Pencapaian Farmasi UII saat ini disebut Prof. Dr. apt. Yandi Syukri sebagai buah dari usaha selama bertahun-tahun. “Dalam 25 tahun, ini adalah topik yang kita angkat, bagaimana memantapkan Farmasi UII sebagai rujukan nasional dan bertaraf internasional, ini adalah mimpi yang kita rancang, yang kita desain sejak 20 tahun yang lalu,” sebut Prof. Dr. apt. Yandi Syukri dalam sambutannya.

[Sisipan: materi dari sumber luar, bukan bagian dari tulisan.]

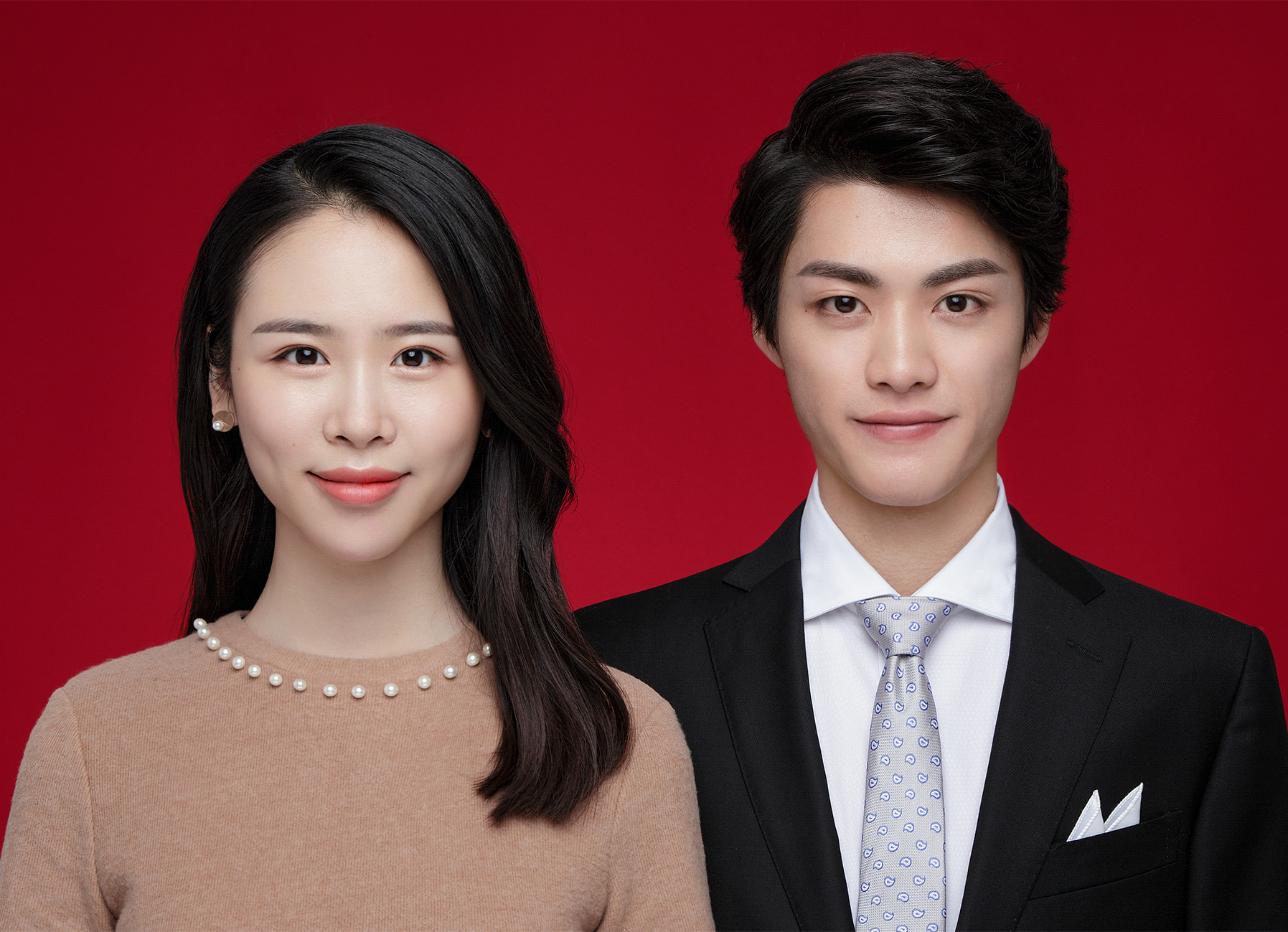 天真藍 結婚登記照 民政局可用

Prof. Dr. apt. Yandi Syukri menegaskan, perkembangan Farmasi UII sejatinya harus menjadi motivasi untuk mahasiswa dalam mengembangkan karakter yang kuat. “Tujuan pendidikan itu adalah melatih, mengasah karakter, kalau kampus gagal melatih karakter, percuma, tidak akan tercapai tujuan pendidikan, setelah melatih karakter, berilah ilmu farmasi itu. Tetapi jangan lupa melatih karakter yang nanti diintegrasikan ke dalam sistem pendidikan, karena tujuan pendidikan nasional itu karakter dulu baru diberikan ilmu pengetahuan, dan terakhir menghasilkan mahasiswa yang berakhlak mulia, sehat, berilmu, cakap, mandiri, menjadi warga negara yang demokratis,” tegasnya.

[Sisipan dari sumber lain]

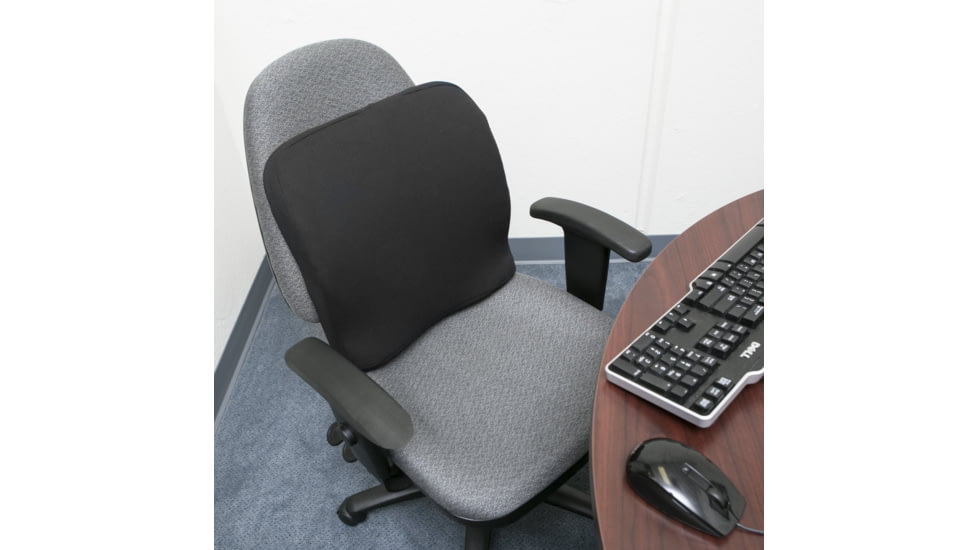Wagan RelaxFusion Lumbar Cushion, Black, One Size, IN9112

Prof. Dr. apt. Yandi Syukri memberikan beberapa tips bagi generasi penerus bangsa agar dapat meraih kesuksesan. “Kunci sukses yang pertama adalah kejujuran, kalau kampus pendidikan gagal melatih kejujuran, tidak usahlah berfikir menjadi bangsa yang maju. Kedua adalah disiplin, kalau kampus gagal melatih kedisiplinan, masih memberikan toleransi tidak usahlah berbicara tentang kemajuan,”

Sementara itu, Emanuel Melkiades Laka Lena menuturkan bahwa Omnibus Law UU kesehatan telah resmi disahkan dalam rangka memudahkan pengadaan infrastruktur kesehatan. “Tanggal 11 Juli 2023 lalu, DPR RI sudah mengesahkan RUU Kesehatan, ini sudah diputuskan undang-undang. Sebulan kemudian pak presiden sudah menandatangani,” tuturnya.

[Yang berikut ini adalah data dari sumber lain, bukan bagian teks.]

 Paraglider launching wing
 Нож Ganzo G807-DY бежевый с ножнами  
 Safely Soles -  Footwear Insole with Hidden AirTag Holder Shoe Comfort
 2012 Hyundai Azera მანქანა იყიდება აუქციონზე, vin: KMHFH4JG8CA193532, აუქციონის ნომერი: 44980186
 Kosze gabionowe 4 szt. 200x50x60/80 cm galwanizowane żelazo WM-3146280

Selain itu, Emanuel Melkiades Laka Lena menjelaskan bahwa sektor farmasi mendapatkan dampak yang cukup positif dari adanya undang-undang kesehatan yang baru ini. “Terkait dengan visi undang-undang kesehatan ini, kita informasikan bahwa dari paradigma lama kuratif menjadi pragmatis, kemudian akses badan kesehatan kita pastikan akan lebih mudah, kemudian juga ketersediaan farmasi dalam pelayanan kesehatan kita juga dorong agar melalui undang-undang ini. Ke depan kita menunjuk pada kemandirian sektor farmasi,” jelasnya menegaskan.

Ia menambahkan. “Dipastikan juga ada pemerataan kesehatan di seluruh tanah air, kemudian penyederhanaan izin praktik tenaga kesehatan,” imbuhnya.

Turut memberikan paparan, apt. Sudarsono memberikan pernyataan bahwa gelar sebagai apoteker adalah sebuah identitas yang perlu dijadikan professional branding. “Istilah itu sangat penting sekali (keapotekeran), jadi ini adalah bagian dari professional branding, reposisi professional branding, salah satu yang kecil dengan mengubah istilah, jadi kita mengkondisikan bahwa kita apoteker, ke mana-mana itu kita harus membawa identitas kita sebagai apoteker,” paparnya.

Melanjutkan pernyataan sebelumnya, apt. Lintang Purba Jaya menyebutkan beberapa tantangan bagi para apoteker di era saat ini. “Undang-undang ini adalah salah satu peningkatan dari omnibus law, jadi tantangan apoteker ada 4 tantangan terbesar yang perlu kita lihat ke depan. Salah satunya yang pertama adalah penggunaan teknologi informasi, yang kedua adalah adanya keterbatasan pasar bahwa apoteker sudah jelas media Indonesia pasarnya kelihatan ke mana, kemudian yang ketiga adalah selalu melakukan perubahan regulasi, karena regulasi ini selalu mengikuti apa yang baru, baik diluar maupun didalam,” sebut apt. Lintang Purba Jaya.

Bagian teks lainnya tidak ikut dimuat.